Thursday, May 17, 2012

Postal Service to close, consolidate 140 mail sites

WASHINGTON (Reuters) - The Postal Service will proceed with a plan this summer to shut mail-processing facilities as part of its cost-cutting effort but will spread out the closings to maintain overnight delivery of local mail.

The agency said on Thursday it would consolidate processing at 140 of its 461 sites by February 2013, moving processing from small facilities to larger ones, and shrink the area where customers can expect mail to be delivered the next day.

It uses the word "consolidate" and not "close" because many of the small processing centers also house retail windows and other services for post office customers.

A second round of closings, which would begin in February 2014, would consolidate an additional 89 processing sites, USPS Chief Operating Officer Megan Brennan said.

The agency previously said it would consolidate about 220 processing sites and end next-day delivery to reduce overnight work. After protests from lawmakers and businesses, USPS tweaked the plan to keep next-day delivery for a few years but said it must scale down its processing network as Americans send less mail.

"This two-phased approach essentially stretches our time-frame to implement the consolidation. It does so in a way that gives our customers and employees the time to plan and adapt to the changes we are making," Brennan said.

The Postal Service, which does not rely on taxpayer funding, has been losing billions each year as rising Internet use erodes mail volumes and annual payments drain its cash.

The agency said last week it lost $3.2 billion in the first three months of 2012.

USPS officials say mail volumes are too low to justify the current number of facilities. The agency last fall proposed to close hundreds of processing sites and more than 3,500 money-losing post offices to rein in costs.

The plans drew protests from all corners. Many lawmakers opposed the loss of middle-class jobs in their states, while newspapers and advertisers said ending overnight delivery would cost them money and customers.

The Postal Service agreed in late 2011 to a moratorium on closings, which ended on Tuesday.

The USPS last week scrapped its plans to close post offices, instead announcing it would reduce hours at 13,000 small offices.

OVERNIGHT DELIVERY

Mail processing consolidations will begin this summer and are expected to save about $2.1 billion per year when fully implemented in late 2014.

About 80 percent of the savings would come from reducing the workforce by 28,000 employees during that time, Brennan said.

The new plan would maintain next-day delivery for most local mail through 2013, Postmaster General Patrick Donahoe said.

For instance, mail sent from Washington, D.C., to Gaithersburg, Maryland, would be delivered the next day. But mail sent to Baltimore would take two days, Donahoe said. The delivery times would likely change again once the plan is fully implemented in late 2014.

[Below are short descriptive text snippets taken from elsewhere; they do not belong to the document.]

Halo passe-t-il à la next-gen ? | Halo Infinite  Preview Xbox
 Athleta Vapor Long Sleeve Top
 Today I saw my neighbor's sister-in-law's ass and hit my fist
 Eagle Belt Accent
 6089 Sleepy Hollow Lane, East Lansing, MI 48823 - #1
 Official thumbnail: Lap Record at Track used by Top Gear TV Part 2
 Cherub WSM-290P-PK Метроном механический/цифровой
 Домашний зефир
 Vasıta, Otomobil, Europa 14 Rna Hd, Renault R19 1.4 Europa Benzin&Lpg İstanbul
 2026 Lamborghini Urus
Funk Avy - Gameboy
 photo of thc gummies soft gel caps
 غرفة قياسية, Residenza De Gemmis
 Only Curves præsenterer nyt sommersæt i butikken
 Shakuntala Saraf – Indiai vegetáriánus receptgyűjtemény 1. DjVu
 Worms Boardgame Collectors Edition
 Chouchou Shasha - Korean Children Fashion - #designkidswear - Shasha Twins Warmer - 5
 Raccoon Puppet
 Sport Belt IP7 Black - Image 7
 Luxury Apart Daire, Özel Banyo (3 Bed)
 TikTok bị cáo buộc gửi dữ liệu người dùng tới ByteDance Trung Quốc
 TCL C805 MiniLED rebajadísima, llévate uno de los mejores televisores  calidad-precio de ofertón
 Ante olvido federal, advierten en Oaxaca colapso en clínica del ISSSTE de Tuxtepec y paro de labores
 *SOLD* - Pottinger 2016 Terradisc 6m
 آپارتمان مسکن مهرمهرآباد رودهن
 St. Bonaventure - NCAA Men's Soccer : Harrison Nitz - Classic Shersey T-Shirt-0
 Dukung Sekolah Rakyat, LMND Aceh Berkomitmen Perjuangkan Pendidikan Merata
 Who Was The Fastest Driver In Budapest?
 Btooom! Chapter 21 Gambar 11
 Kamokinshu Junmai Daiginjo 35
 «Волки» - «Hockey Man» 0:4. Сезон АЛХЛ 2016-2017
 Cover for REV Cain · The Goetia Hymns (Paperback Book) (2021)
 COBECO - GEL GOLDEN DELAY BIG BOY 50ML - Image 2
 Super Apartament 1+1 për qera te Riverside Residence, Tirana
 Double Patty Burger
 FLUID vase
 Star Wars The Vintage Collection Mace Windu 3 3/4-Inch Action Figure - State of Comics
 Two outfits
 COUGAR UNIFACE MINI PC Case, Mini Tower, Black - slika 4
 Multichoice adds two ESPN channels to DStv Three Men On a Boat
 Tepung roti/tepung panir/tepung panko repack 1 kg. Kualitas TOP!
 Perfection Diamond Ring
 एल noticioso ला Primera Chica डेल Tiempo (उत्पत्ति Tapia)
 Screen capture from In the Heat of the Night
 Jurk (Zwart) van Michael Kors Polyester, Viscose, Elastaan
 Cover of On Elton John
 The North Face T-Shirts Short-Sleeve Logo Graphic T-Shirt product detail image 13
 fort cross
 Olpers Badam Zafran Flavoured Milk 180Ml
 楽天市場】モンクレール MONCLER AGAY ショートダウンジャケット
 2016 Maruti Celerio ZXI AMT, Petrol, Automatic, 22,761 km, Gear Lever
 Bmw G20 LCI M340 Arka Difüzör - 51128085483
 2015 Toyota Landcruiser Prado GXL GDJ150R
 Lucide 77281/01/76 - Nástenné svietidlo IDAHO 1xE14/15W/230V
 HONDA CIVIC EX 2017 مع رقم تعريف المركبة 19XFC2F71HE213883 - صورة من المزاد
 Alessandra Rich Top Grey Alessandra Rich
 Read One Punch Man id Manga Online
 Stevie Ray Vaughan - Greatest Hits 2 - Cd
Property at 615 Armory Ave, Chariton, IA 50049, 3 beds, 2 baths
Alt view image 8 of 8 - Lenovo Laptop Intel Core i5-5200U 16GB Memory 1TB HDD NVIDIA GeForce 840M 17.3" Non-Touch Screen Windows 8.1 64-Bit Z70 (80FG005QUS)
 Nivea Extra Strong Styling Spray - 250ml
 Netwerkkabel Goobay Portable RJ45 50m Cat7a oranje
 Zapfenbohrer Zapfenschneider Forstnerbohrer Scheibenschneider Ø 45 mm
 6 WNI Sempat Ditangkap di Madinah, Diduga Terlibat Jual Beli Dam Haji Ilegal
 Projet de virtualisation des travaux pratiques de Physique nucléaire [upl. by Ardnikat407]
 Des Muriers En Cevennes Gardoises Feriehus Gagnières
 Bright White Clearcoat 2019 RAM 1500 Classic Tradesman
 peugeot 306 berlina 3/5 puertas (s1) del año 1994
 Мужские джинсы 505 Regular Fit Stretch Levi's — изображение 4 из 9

Art Sackler of the Coalition for a 21st Century Postal Service, a business mailing group, said the plan is a good first step toward streamlining the agency.

"Some may disagree with the specific decisions that were made, but all should agree that the Postal Service must shrink to match its current and foreseeable volume of mail," he said.

Donahoe said USPS needs action from Congress to staunch the annual losses. The Postal Service also wants to eliminate an annual payment for future retiree health benefits, end Saturday mail delivery and tap into a surplus in a retirement account.

The Senate passed postal legislation last month that would make some of these changes, but the House of Representatives has not yet voted on its version. Senator Joe Lieberman, one author of a bipartisan Senate bill, used Thursday's announcement to urge the House to vote.

"While the (postmaster general) is moving cautiously now, the financial condition of the Postal Service continues to deteriorate, and he will not be similarly restrained next year," Lieberman said. "Congress must approve legislation as soon as possible to return the postal service to solid financial ground before essential services are lost for millions of people."